# How do you store your bagged feeds/grain?



## RoosterHollow (Mar 14, 2013)

Hi everyone-   My barn is almost ready for goats...but I don't know how to store bagged feeds/grains safely so the goats can't get into them, yet have easy feeding access.  (btw...I'll only be starting with 2 or 3 dairy type goats).  Any suggestions?


----------



## Mamaboid (Mar 14, 2013)

we dump ours into garbage barrels, but our goats are in stalls in the building and cannot get near them.  I wouldn't trust them if the goats could get close.  The best solution is keep it in a completely different building or area if at all possible.  Goats can be very sneaky and if there is someplace you don't want them to be, that is the first place they will head for.


----------



## madcow (Mar 14, 2013)

Yep, store ours in metal trashcan to deter rodents in the feed.  It sits outside the gate to the pen where the goats are located.  Don't trust them to not figure out how to get the lid off the can, even if we tied it down!  They are sneaky, and smart!


----------



## Goatherd (Mar 15, 2013)

I'm fortunate to have a place not far from me where they sell used, food-grade barrels.  These barrels are from an Italian food company that imports olives into the USA.

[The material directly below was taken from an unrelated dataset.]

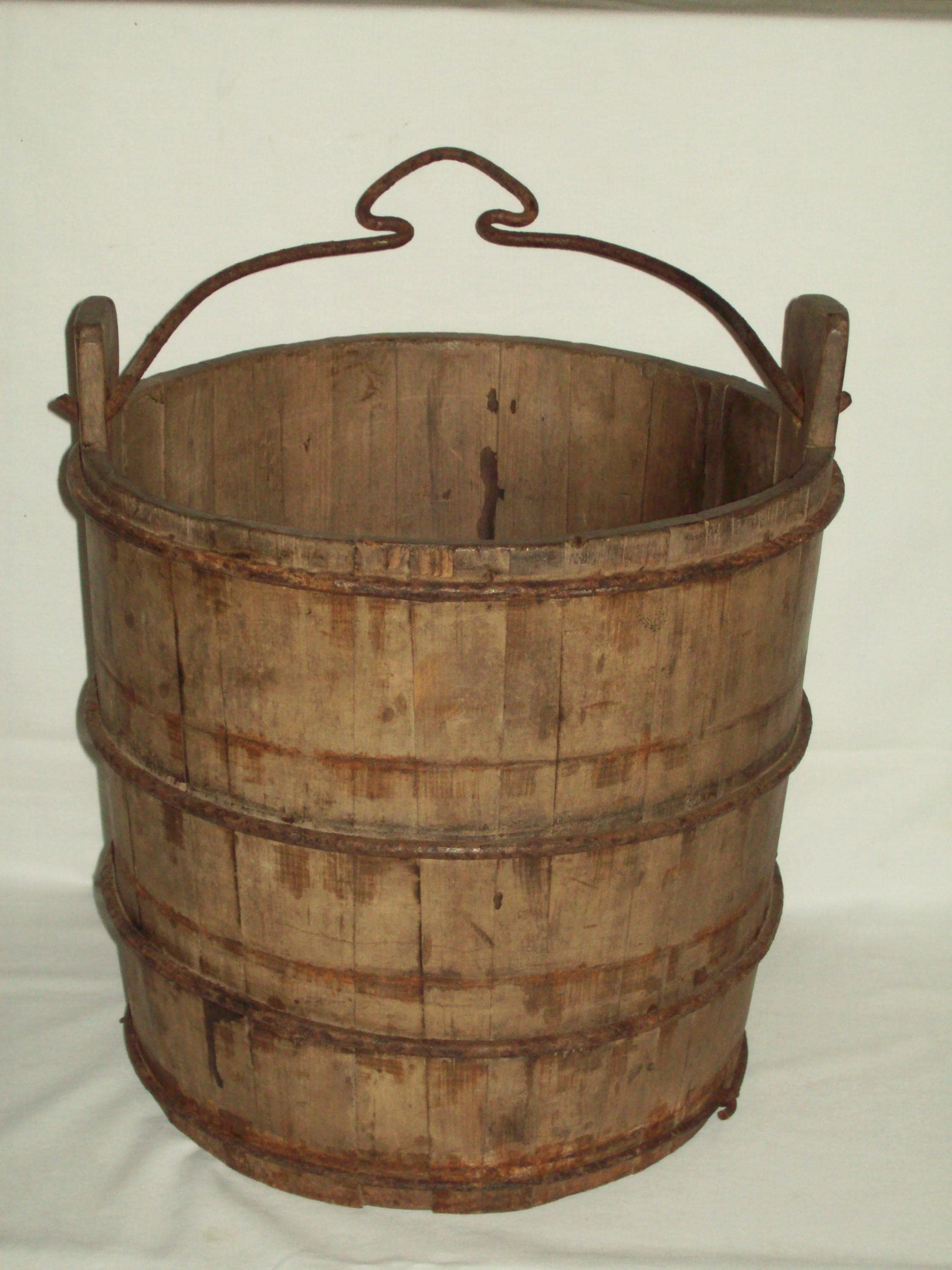 Antique Water Well Bucket - Etsy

I've tried metal trash cans and even barrels but they rust being that I live in a heavily wooded (damp) area.  These barrels work great because they have "screw-on" lids and the goats cannot even begin to get into the food.  

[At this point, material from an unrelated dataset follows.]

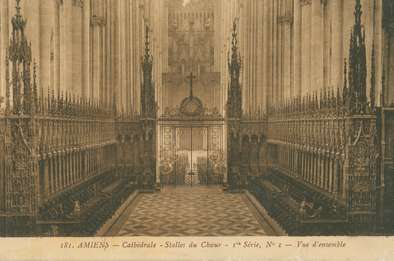 Vue d’ensemble des stalles du chœur de la cathédrale d’Amiens © Archives municipales et communautaires d'Amiens_10Z2846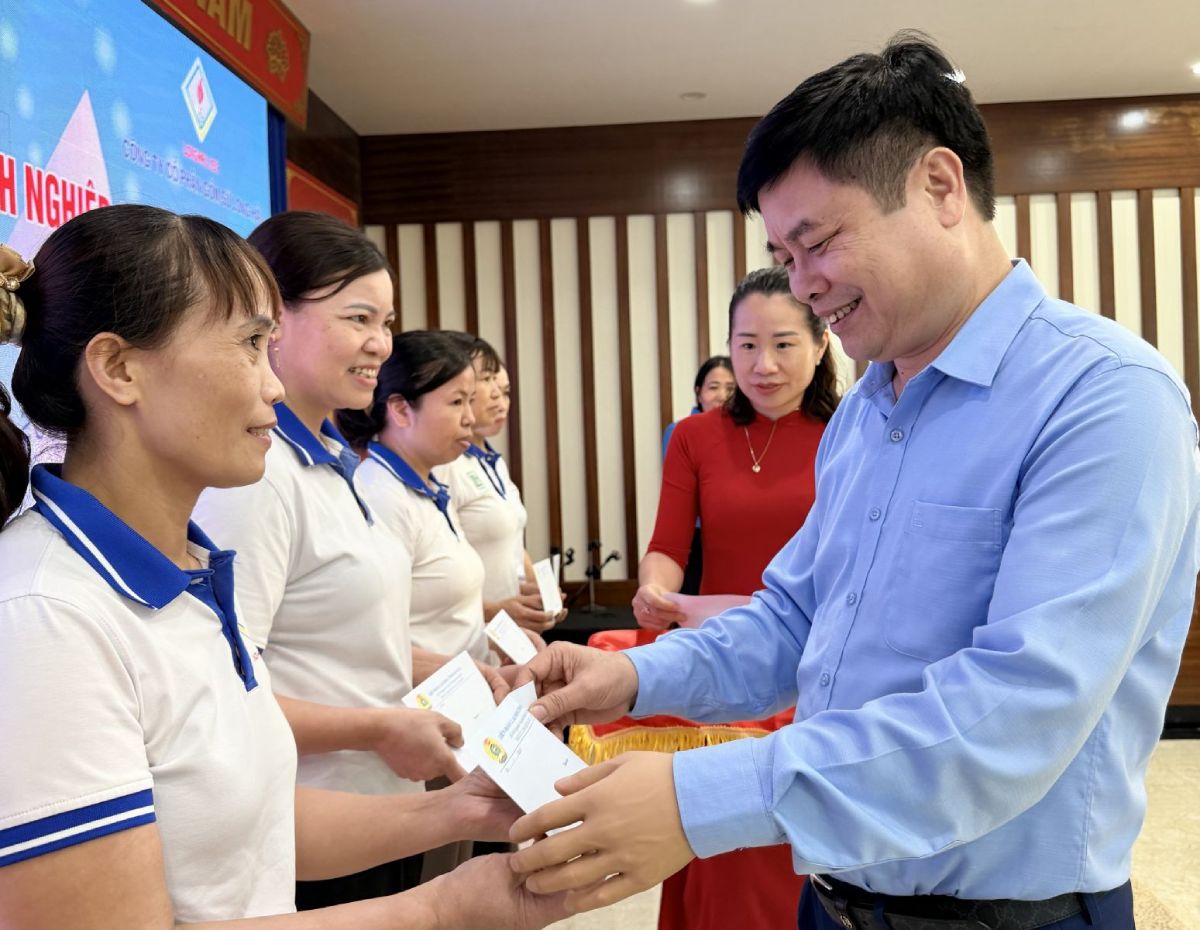 Vice Chairman of Hung Yen Provincial People's Committee Pham Van Nghiem presents gifts to workers in difficult circumstances on the occasion of Workers' Month. Photo: Hung Yen Trade Union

Found them on Craigslist.  Here's the ad to show you what I'm talking about:  http://pittsburgh.craigslist.org/grq/3580683916.html


----------



## marlowmanor (Mar 15, 2013)

Goatherd said:
			
		

> I'm fortunate to have a place not far from me where they sell used, food-grade barrels.  These barrels are from an Italian food company that imports olives into the USA.
> 
> I've tried metal trash cans and even barrels but they rust being that I live in a heavily wooded (damp) area.  These barrels work great because they have "screw-on" lids and the goats cannot even begin to get into the food.
> 
> Found them on Craigslist.  Here's the ad to show you what I'm talking about:  http://pittsburgh.craigslist.org/grq/3580683916.html


We use barrels too. DH got some from work (he works for a company that makes vitamins and supplements). Just washed the barrels out good, let them dry and they are great for feed. The lids have metal bands that lock as well. We keep ours in a storage building in the backyard. Far from the goats. We have considered putting it right outside the gate but haven't done it yet.


----------



## ourflockof4 (Mar 15, 2013)

We have used several different things in the past.

We used an old chest freezer. Put it right in their pen with no problems. It's kinda hard for a goat to open a freezer. They climb on it but just cant get in 

The bagged feed almost always goes in the freezer. The feed we grind & mix usually goes into barrels. The barrels usually go in the isolation pen as long as it isn't being used, or the milking room. We have several freezers & frigs & have found them to work the best for rodent control for longer term storage.


----------



## 20kidsonhill (Mar 15, 2013)

55 gallon barrels(food grade),  they hold right at $300 lbs or 6 bags of feed. 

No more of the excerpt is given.